ECLI:NL:HR:2011:BQ6005
Hoge Raad
- Cassatie
- A.J.A. van Dorst
- J. de Hullu
- H.A.G. Splinter-van Kan
- Rechtspraak.nl
Cassatie tegen arrest Gerechtshof 's-Hertogenbosch in strafzaak
In deze zaak gaat het om een cassatieberoep ingesteld door de verdachte tegen een arrest van het Gerechtshof te 's-Hertogenbosch, gedateerd 25 september 2009. De zaak betreft een strafrechtelijke procedure waarin de verdachte, geboren in 1978, woonachtig te [woonplaats], door zijn raadsman, mr. J.C. Oudijk, advocaat te Venlo, een middel van cassatie heeft voorgesteld. De schriftelijke conclusie van de Advocaat-Generaal, Vegter, was gericht op de verwerping van het beroep.

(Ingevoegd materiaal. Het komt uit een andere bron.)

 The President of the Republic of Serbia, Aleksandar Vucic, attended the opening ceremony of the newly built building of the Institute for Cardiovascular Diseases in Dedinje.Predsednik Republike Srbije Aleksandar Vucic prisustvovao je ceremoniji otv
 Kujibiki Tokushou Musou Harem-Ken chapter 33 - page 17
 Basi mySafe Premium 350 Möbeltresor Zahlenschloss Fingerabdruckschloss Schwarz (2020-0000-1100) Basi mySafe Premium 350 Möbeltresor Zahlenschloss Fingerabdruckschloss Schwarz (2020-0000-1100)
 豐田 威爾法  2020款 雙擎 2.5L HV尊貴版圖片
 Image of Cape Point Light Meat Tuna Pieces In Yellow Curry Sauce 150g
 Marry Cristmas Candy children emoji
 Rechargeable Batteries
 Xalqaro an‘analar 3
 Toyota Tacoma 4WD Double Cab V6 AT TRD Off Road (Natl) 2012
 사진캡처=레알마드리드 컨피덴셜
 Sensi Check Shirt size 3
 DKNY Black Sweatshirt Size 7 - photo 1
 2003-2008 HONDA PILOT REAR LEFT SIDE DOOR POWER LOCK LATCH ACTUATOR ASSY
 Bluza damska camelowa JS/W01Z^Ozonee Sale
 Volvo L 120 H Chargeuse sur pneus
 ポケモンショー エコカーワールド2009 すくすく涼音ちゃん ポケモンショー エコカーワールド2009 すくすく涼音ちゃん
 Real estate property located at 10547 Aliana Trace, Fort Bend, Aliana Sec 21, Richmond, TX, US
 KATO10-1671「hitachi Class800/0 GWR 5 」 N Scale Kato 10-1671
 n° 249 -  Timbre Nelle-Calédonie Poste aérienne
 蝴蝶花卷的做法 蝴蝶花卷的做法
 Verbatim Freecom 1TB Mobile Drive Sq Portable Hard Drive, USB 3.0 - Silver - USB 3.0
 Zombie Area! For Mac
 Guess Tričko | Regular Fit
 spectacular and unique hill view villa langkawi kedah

De Hoge Raad heeft de zaak beoordeeld en vastgesteld dat het middel niet tot cassatie kan leiden. De Hoge Raad oordeelt dat, gezien artikel 81 van de Wet op de Rechterlijke Organisatie (RO), er geen nadere motivering nodig is, omdat het middel niet leidt tot beantwoording van rechtsvragen die van belang zijn voor de rechtseenheid of de rechtsontwikkeling.
Uiteindelijk heeft de Hoge Raad het beroep verworpen. Dit arrest is uitgesproken op 5 juli 2011 door de vice-president A.J.A. van Dorst, samen met de raadsheren J. de Hullu en H.A.G. Splinter-van Kan, in aanwezigheid van de waarnemend griffier E. Schnetz.